I'm supposed to be meeting up today with the Berkeley graduate student, who finally called me on Thursday night. He invited me to a museum and I told him I had reserved seats to see Amos Oz speak and he was welcome to be my plus-one. But it's already 2:00 and I haven't heard from him yet. What gives?

Thursday, May 18, 2006

things nature engineers

I was on the Caltrain coming home from work, rocking out to Pavement and reading Microserfs, the amazing 1995 Douglas Coupland novel I am currently obsessed with, so I was pretty into what I was doing and it's astounding that i even noticed something moving in my hair, on which my eyes suddenly focused -
3/4 of an inch long, black and red and yellow with white tufts of spiky fur -

a caterpillar!
(in my hair!)

I didn't scream, just jumped up and yelped quietly...nobody even noticed.
It was especially strange because I hadn't even walked close to any trees or leaned back on anything.
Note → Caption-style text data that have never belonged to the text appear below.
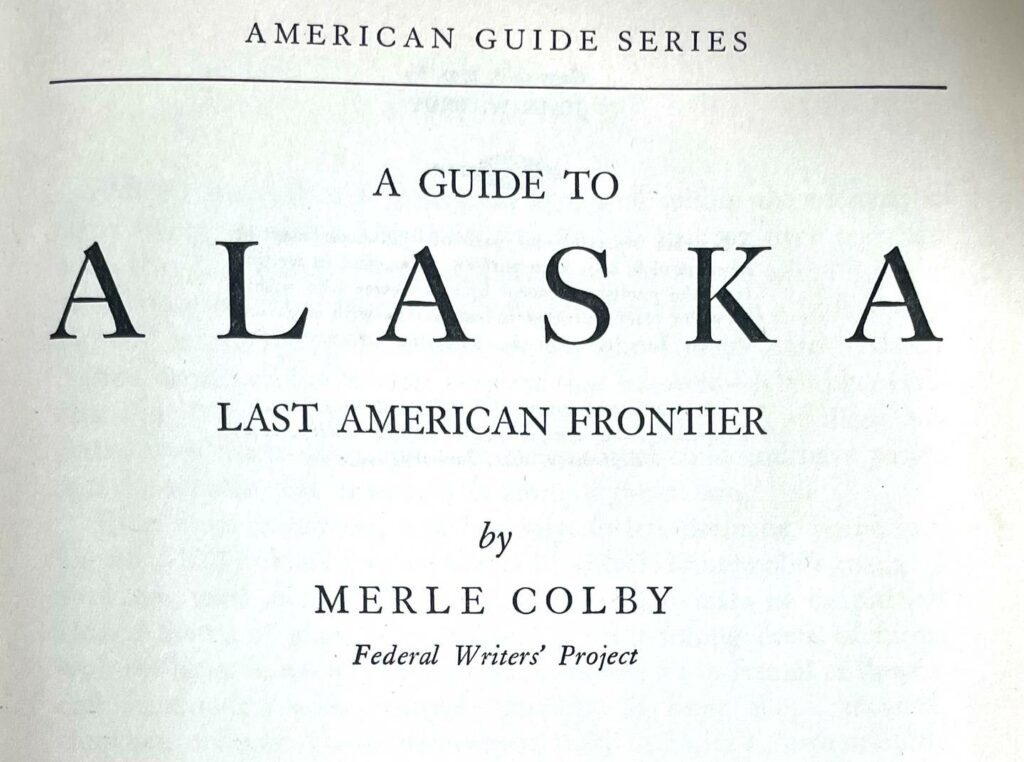 A guide to the Alaska that was (and in many ways still is)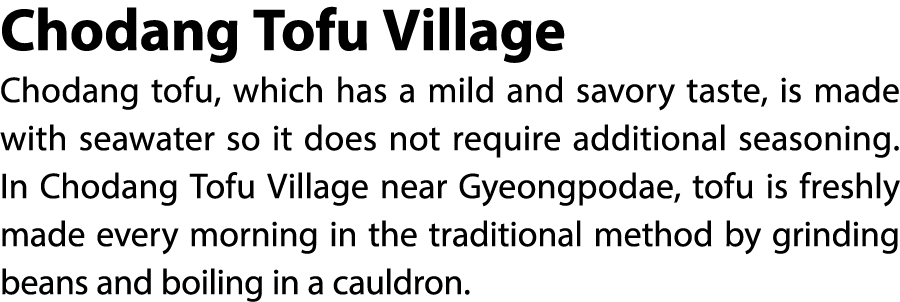 Chodang Tofu Village Chodang tofu, which has a mild and savory taste, is made with seawater so it does not require ad...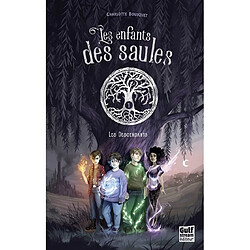 Les enfants des saules. Vol. 1. Les descendants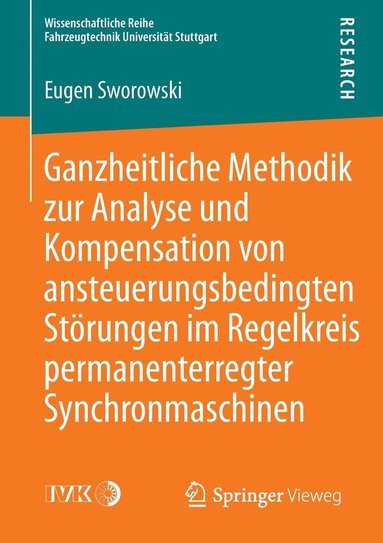 bokomslag Ganzheitliche Methodik zur Analyse und Kompensation von ansteuerungsbedingten Strungen im Regelkreis permanenterregter Synchronmaschinen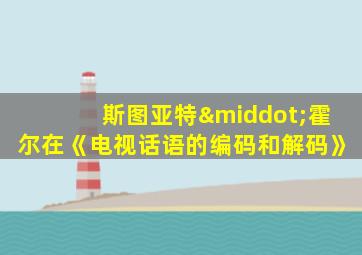 斯图亚特·霍尔在《电视话语的编码和解码》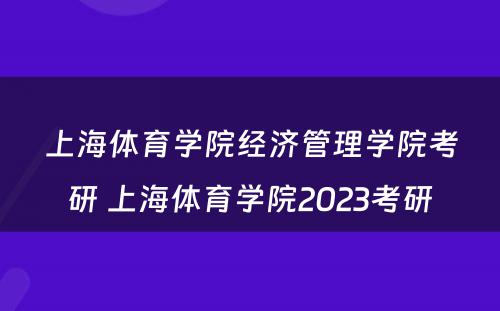 上海体育学院经济管理学院考研 上海体育学院2023考研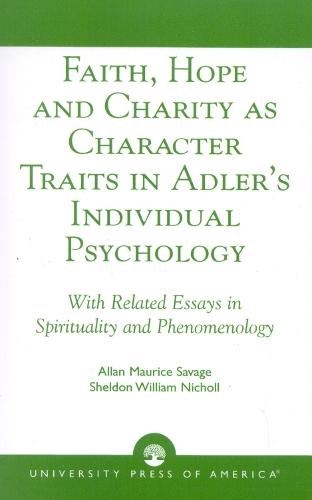 Faith, Hope and Charity as Character Traits in Adler's Individual Psychology: With Related Essays in Spirituality and Phenomenology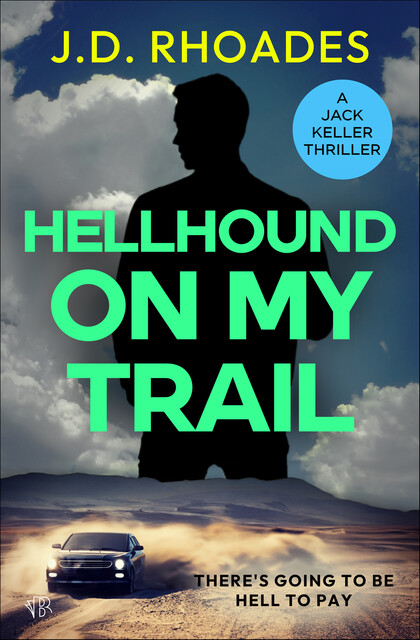 Hellhound on My Trail, J.D. Rhoades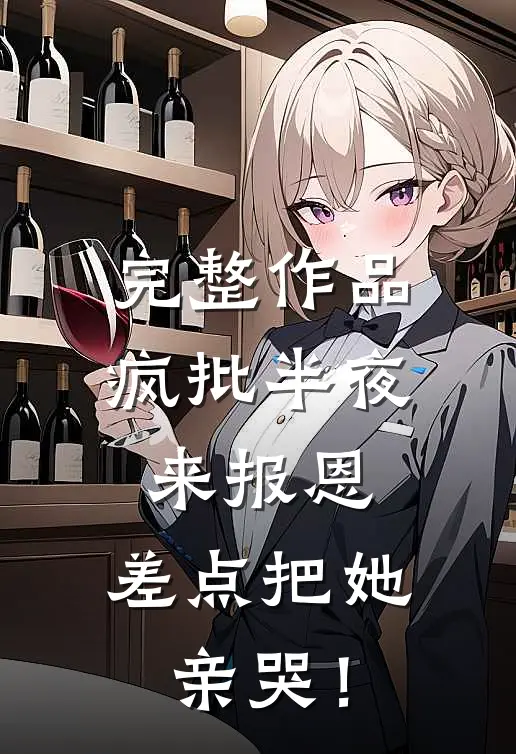 完整作品疯批半夜来报恩，差点把她亲哭！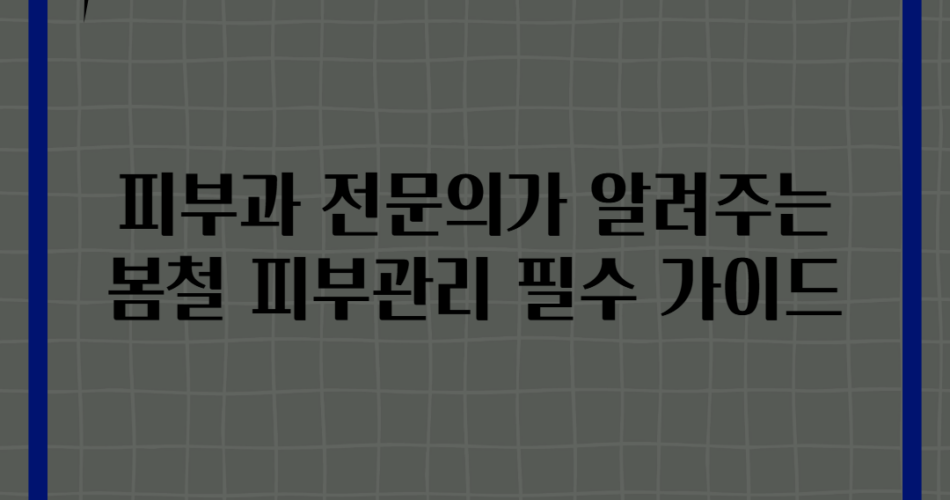 피부과 전문의가 알려주는 봄철 피부관리 필수 가이드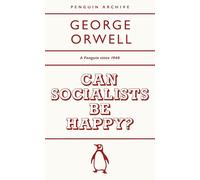 Can Socialists be Happy?: George Orwell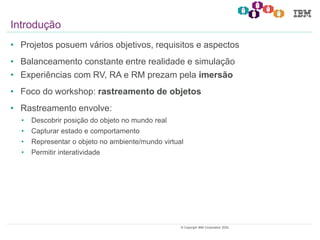 3© Copyright IBM Corporation 2020.
• Projetos posuem vários objetivos, requisitos e aspectos
• Balanceamento constante entre realidade e simulação
• Experiências com RV, RA e RM prezam pela imersão
• Foco do workshop: rastreamento de objetos
• Rastreamento envolve:
• Descobrir posição do objeto no mundo real
• Capturar estado e comportamento
• Representar o objeto no ambiente/mundo virtual
• Permitir interatividade
Introdução
 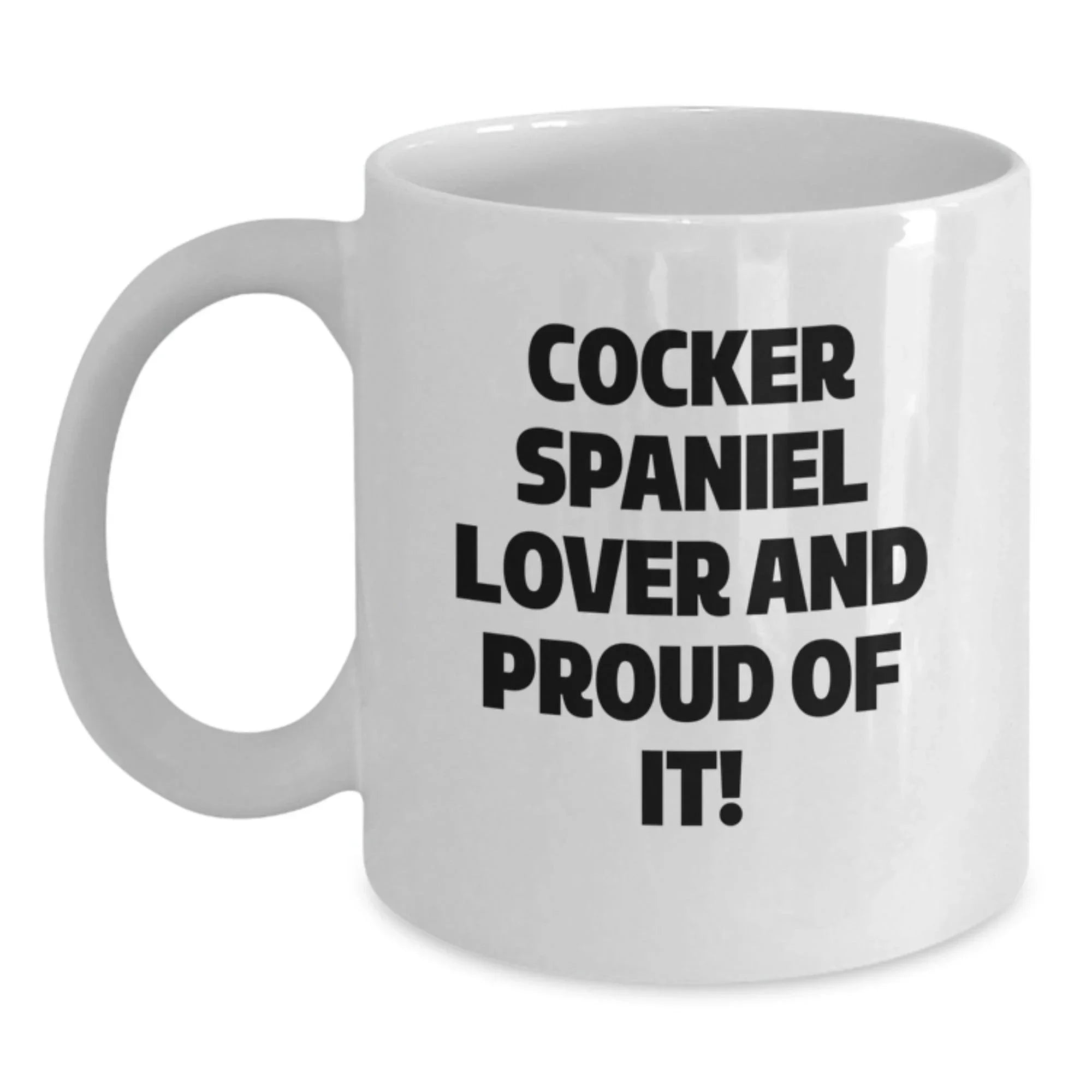 Funny Cocker Spaniel Mug Gift For Valentines Day 11oz Or 15oz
All I did after the office was go to the pharmacy.
My first impulse was to assume it might be poisonous, since the last accessed mention of a caterpillar in my recent memory file was Vincent talking about the poisonous caterpillars in his apartment in Japan. Even though, logically, this caterpillar was from Palo Alto, and city council would never let a thing like that exist within town limits.
I was fumbling for a tissue or something and realized I really didn't want to kill that big goop-filled furry guy in my hair, and plus - I'm a vegetarian!
I found an e-mail printout from my dentist in my bag and tried to maneuver it but it was too close to eye-level to focus on, so I turned to the poor guy behind me on the train and talked to him until he took his headphones off.
"Uh, excuse me, this is going to sound a little weird but there's a caterpillar in my hair, could you help me out?"
I tried to hand him the paper but he just fished it out with his fingers and plopped it down on my laser paper.
Several headphoneless people were laughing like crazy.
A guy in the back of the train said I should just throw it down on the luggage rack, but I said I didn't want to kill it.
He made some jokes about keeping it till it became a butterfly and other things, but I said I didn't want to kill it if it had come this far. I watched it crawl, curl, sit still, arch and slither for a couple of minutes. When we started to slow down before Hillsdale, I went downstairs and asked a stranger who was detraining to put it down in a safe place for me. He got a big kick out of it too, but not as much as the guy in the back of the train.
When I sat back down he started to joke about how it was a Stanford butterfly, and wouldn't be used to the Hillsdale environment, but I said at least I gave it a shot. We made a few more jokes about hitchiking caterpillars, shopping caterpillars, documentary-star butterflies and otherwise intelligent caterpillars, but in the end exhausted all material. Connecting with a stranger is only possible to a certain point without additional excuses or lowered inhibitions.
As for the caterpillar - I trust the kindness of strangers at least allowed him another honest shot at this crazy life.

Tuesday, May 16, 2006

low-impact dating

My ex-boyfriend left San Francisco today to relocate to Big Sur. I think both of us were relieved that now the most essential elements for drama – proximity, history, emotions – would be all but removed and the drama could fizzle out.
I will argue to the end that since I have already formed a successful friendship with my ex-ex-boyfriend that I am capable of it and not at fault for our inability to in this scenario, but he always used to say it takes two to tango. I don’t think I’m difficult, but I am a sucker, and emotional and a pushover. My ideals in these situations are now long gone.
So bon voyage, ex-boyfriend. I wish you the very best living in the forest, as you incessantly told me you preferred over living in what I think is the best place ever. Please, let’s let this be the end of drama between us, because, among other reasons, it’s just not convenient or practical anymore. And I am a busy girl.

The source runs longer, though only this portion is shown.